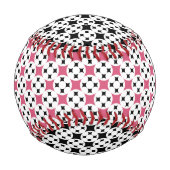 Balle De Baseball Cercle quatre étoiles par Kenneth Yoncich (Dos)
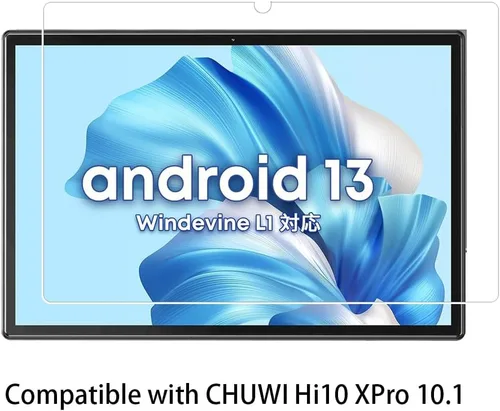 Vista 2 de Walieoka - Protector de pantalla compatible con CHUWI Hi10 XPro de 10.1 pulgadas, película protectora de vidrio templado de dureza 9H, resistente a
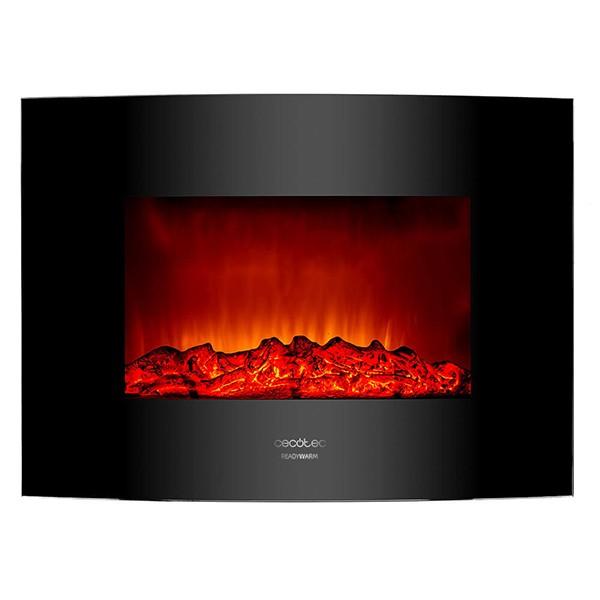 Elektrisk Dekorationspejs Til Væggen Warm 2200 Curved Flames 2000w Sort
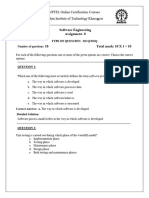 Software Engineering Assignment 0 To 11 Solution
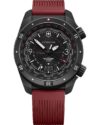 Ανδρικό ρολόι VICTORINOX Air Pro αυτόματο με τριπλή ώρα και καουτσούκ λουράκι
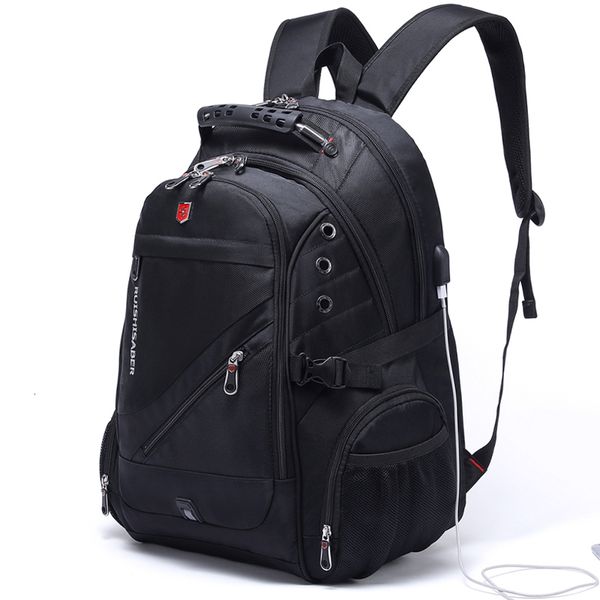 

new oxford swiss backpack man external charging usb 15/17 inch lapwomen travel rucksack vintage school bags bagpack mochila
§
An exact transcription of all the entries is required, without the pictures.

**Answer area:**
 Balle De Baseball Cercle quatre étoiles par Kenneth Yoncich (Dos)
 Vista 2 de Walieoka - Protector de pantalla compatible con CHUWI Hi10 XPro de 10.1 pulgadas, película protectora de vidrio templado de dureza 9H, resistente a
 Elektrisk Dekorationspejs Til Væggen Warm 2200 Curved Flames 2000w Sort
 Software Engineering Assignment 0 To 11 Solution
 Ανδρικό ρολόι VICTORINOX Air Pro αυτόματο με τριπλή ώρα και καουτσούκ λουράκι

new oxford swiss backpack man external charging usb 15/17 inch lapwomen travel rucksack vintage school bags bagpack mochila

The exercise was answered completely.